* What the exercise asks *
Every line below that holds "hair" must be copied.
** Opening Information given block **
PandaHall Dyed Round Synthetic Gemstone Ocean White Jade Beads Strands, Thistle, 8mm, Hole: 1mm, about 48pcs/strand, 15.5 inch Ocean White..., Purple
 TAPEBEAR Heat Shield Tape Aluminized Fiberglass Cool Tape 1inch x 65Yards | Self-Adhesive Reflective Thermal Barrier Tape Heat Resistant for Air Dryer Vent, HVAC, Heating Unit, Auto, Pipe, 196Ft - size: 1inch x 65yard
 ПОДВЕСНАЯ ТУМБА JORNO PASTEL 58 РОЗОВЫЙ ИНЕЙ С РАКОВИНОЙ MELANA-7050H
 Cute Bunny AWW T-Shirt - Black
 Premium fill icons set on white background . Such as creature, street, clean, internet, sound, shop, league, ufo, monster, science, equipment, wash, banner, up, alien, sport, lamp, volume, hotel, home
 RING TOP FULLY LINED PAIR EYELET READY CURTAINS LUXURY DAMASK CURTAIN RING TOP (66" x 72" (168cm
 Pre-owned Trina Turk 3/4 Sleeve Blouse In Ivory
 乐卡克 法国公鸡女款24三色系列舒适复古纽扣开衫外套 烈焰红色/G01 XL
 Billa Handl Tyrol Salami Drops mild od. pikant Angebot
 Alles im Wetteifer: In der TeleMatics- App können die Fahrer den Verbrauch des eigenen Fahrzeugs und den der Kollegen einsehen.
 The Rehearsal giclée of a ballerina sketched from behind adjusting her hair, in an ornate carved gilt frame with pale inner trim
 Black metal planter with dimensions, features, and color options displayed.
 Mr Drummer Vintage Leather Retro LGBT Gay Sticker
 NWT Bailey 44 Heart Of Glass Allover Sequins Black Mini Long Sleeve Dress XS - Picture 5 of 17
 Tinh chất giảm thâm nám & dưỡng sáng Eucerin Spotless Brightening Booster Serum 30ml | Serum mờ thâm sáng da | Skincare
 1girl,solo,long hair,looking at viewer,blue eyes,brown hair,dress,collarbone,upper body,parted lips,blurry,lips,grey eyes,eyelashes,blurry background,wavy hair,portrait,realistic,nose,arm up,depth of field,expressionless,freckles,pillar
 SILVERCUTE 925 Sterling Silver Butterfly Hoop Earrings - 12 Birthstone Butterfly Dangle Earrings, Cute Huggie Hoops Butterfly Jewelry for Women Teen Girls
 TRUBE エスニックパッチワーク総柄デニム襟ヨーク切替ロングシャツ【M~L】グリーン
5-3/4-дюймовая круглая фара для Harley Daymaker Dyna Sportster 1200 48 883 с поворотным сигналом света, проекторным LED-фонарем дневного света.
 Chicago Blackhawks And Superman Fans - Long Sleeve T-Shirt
** Closing Information given block **
* Problem solution *
 The Rehearsal giclée of a ballerina sketched from behind adjusting her hair, in an ornate carved gilt frame with pale inner trim
 1girl,solo,long hair,looking at viewer,blue eyes,brown hair,dress,collarbone,upper body,parted lips,blurry,lips,grey eyes,eyelashes,blurry background,wavy hair,portrait,realistic,nose,arm up,depth of field,expressionless,freckles,pillar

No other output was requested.